There can be no denial that wars are a curse to the world. It is not necessary to labor the point with respect to the loss of lives, maiming of soldiers and civilians, and damage and expenditure of materials and natural resources. There is also no denying the fact that the world would be much better off if, in addition to no wars, it would also not be necessary to spend large sums of money for armed forces in peace time.
Our forebears realized this. Witness the 8000 peace treaties mentioned at the beginning of this article and the various attempts to lessen the horrors of war. The Dutch humanist, Hugo Grotius, during the Thirty Year’s War published his On the Law of War and Peace in an effort to formulate rules for protection of non-combatants in time of war, the treatment of the sick and wounded, and the prohibition of wanton pillage and other horrors.
Let us consider some peace efforts since the time of Napoleon. After that man of parts had romped the length and breadth of Europe and his career was in the process of being terminated, the powers of Europe, with even the vanquished French represented by Talleyrand, met at the Congress of Vienna in 1814-1815. They wanted to preserve the status quo, to assure that there would be no further disturbances from Napoleon or anyone of his like. The Congress reestablished a balance of power among the states of Europe and paved the way for a concert of the Great Powers which succeeded in maintaining the peace of Europe practically undisturbed for forty years.
The deeply religious Czar Alexander I of Russia, one of the chief figures at this Congress of Vienna, was in his “liberal minded” phase. He initiated the formation of the Holy Alliance of which the members “pledged themselves ‘to take for their sole guide the precepts of the Holy Religion, namely, the precepts of Justice, Christian Charity, and Peace’ which could remedy all human imperfection. . . . The manifesto was signed by nearly every ruler in Europe, and constitutes a strange document in diplomatic history. A chorus of criticism and ridicule greeted its publication. It was variously described as a ‘sonorous nothing’ and as a ‘sublime piece of mysticism and nonsense.’ ” In most instances the manifesto was signed with tongue in cheek and afterwards at best was given only lip service. The Ten Commandments and the Sermon on the Mount set up a code of ethics which, if followed by individuals and governments, would no doubt make for a better world. However, in 1815 the governments were no more ready to conduct their affairs according to such lights than they are now. This may be termed the failure of Christianity; but whatever the designation, it is clear that Christianity is not preventing disputes and wars between countries.

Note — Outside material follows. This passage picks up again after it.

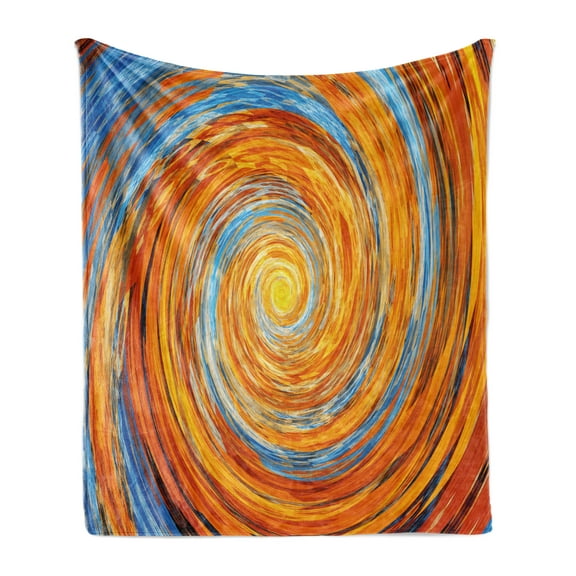 Fractal Soft Flannel Fleece Blanket, Hippie Style Vortex Spiral Rotary Colorful Chaotic Unusual Turning Contrast Design, Cozy Plush for Indoor and Outdoor Use, 50" x 60", Orange Blue, by Ambesonne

The Congress of Vienna established a balance of the European powers which was upset by the rise of Germany. The story of the conflict of the national aims between Great Britain, France, Germany, Russia, Austria-Hungary, and Italy need not be reviewed. It can be summarized by saying that in endeavoring to maintain the balance of power an intricate system of alliances was created. These alliances at first were, in the main, defensive, but the situation got out of hand and the whole system was so involved that, once a conflict started, the network of alliances made it inevitable that it would spread all over Europe.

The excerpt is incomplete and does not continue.